*Task prompt:* Please output only the lines running from the one that contains "お姫様にタッチ厳禁！ ちょっとHありの新感覚脱出ADV 「プリズン" through the last line of the data below, exactly as they stand, with no pictures.

------------------------------------------------------------------------

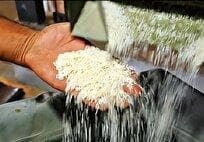 بازی جدید دلالان در بازار برنج/ پیش خرید از برنجکاران برای احتکار/ مسئولان کجایند؟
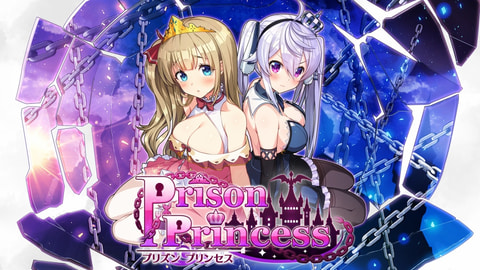 お姫様にタッチ厳禁！ ちょっとHありの新感覚脱出ADV 「プリズン
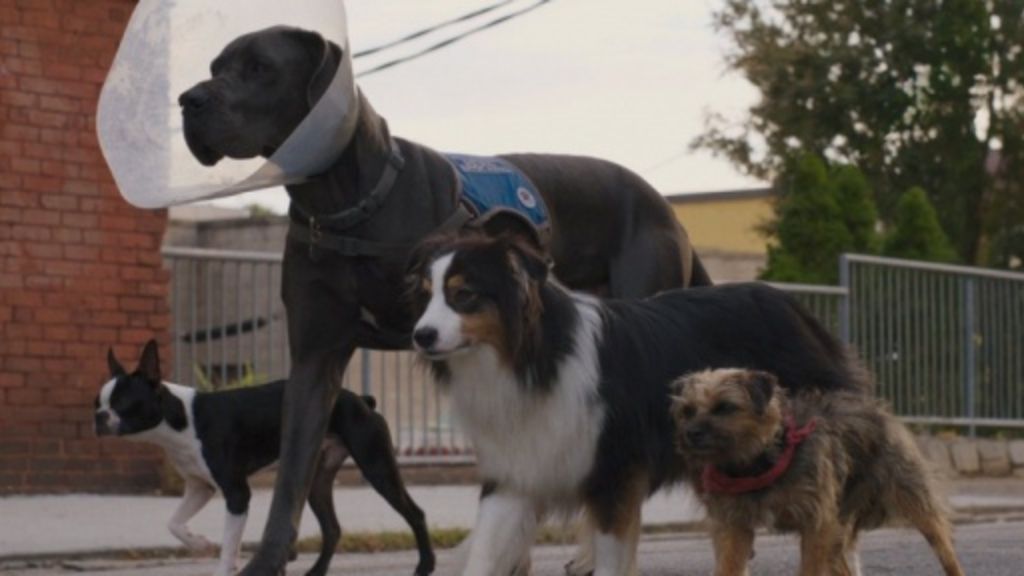 'Strays' mira el tráiler de la nueva película protagonizada por perros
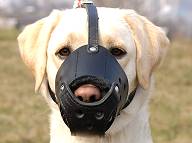 Everyday Labrador Leather dog muzzle - product code : M51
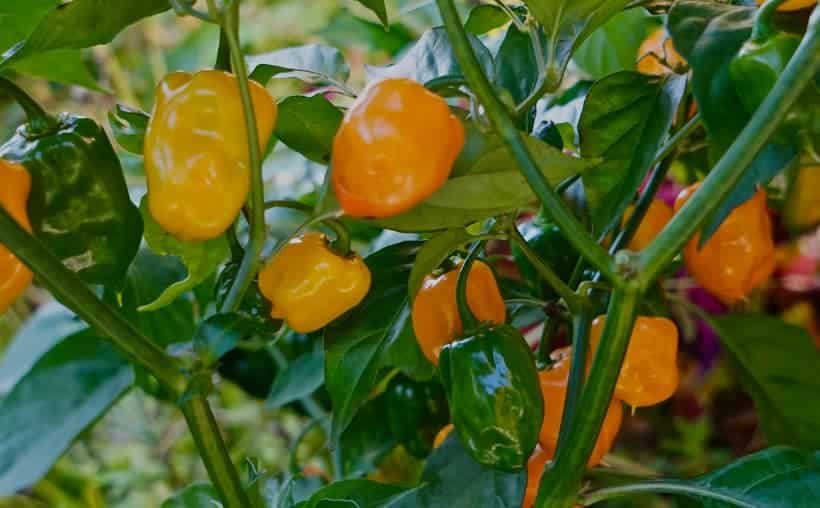 Gobernadores de la Península develan placa del Consejo Peninsular del chile habanero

------------------------------------------------------------------------

*Answer for the task:*
 お姫様にタッチ厳禁！ ちょっとHありの新感覚脱出ADV 「プリズン
 'Strays' mira el tráiler de la nueva película protagonizada por perros
 Everyday Labrador Leather dog muzzle - product code : M51
 Gobernadores de la Península develan placa del Consejo Peninsular del chile habanero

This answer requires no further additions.